And a bit of tweaking to Julia dropped from 0.43 to 0.41 seconds.
Really interesting puzzle; I solved it in terms of reducing equations of the form field number in {set of fields}. link (SML, not racket, but the general algorithm should be visible): https://github.com/benknoble/advent2020/blob/574f858b72a03e28440b6da469865ac962e76471/day16/solution.sml#L98
@me1890 as others have said, helper functions can be good. I also get a lot of mileage out of (require threading). I know the “Racket way” is to prefer define over let, but I greatly prefer let personally. I haven’t looked at your solution closely enough to know how similar mine is, but for reference I think <https://github.com/lojic/LearningRacket/blob/master/advent-of-code–2020/day16.rkt|I managed rightward-drift nicely> w/o resorting to defines. I purposely sacrificed readability/testability for conciseness today, so I kind of did the opposite of good practice - I collapsed variables that were only used once, and didn’t use as many helpers as I normally would, so certainly not a good example of style :)
@haskal I’ll have to look over your solution in more detail later - looks interesting! The graph module has popped up a few times for AoC, and I’m not at all familiar with it, so I should probably rectify that.
raco pkg install graph is using quite a bit of CPU!
@haskal are you using the graph module on Racket CS or Racket BC?
BC, i don’t trust CS enough yet especially after that hash bug
I can understand that. I only installed CS the other day, but I should probably be testing on it more to make sure my apps don’t have any issues.
@haskal what prompted you to consider maximum-bipartite-matching? When I was looking at the puzzle “graph algorithm” didn’t really jump out for me.
@haskal can’t you use for/list instead of for*/list on line 24? The only reason I mention it is I got confused following the code using the for* semantics - I think you can just scan through idx and cand-note in parallel vs. the cartesian product.
Just in case anyone else is curious about @haskal’s solution, here’s the code for the sample data: #lang racket
(require graph)
(define g (undirected-graph '((2 class) (3 class) (1 row) (2 row) (3 row) (3 seat))))
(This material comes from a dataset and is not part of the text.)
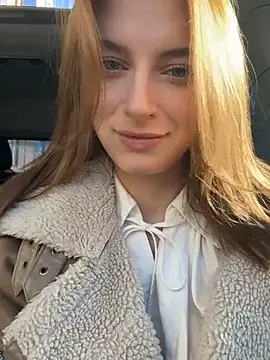 -AngelAri- online show from 03-09-25, 09:02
(maximum-bipartite-matching g)
;; => '((1 row) (2 class) (3 seat)) The edges are pairs of (list index field) where all nearby tickets have a value at that index that’s valid for the field. Very cool solution :)
That might be the best thing I learned via AoC thus far. I can see applications for this.
After browsing through some of my algorithms books, I can see it’s well suited for this - matching two disjoint sets e.g. fields w/ field values, jobs w/ applicants, etc.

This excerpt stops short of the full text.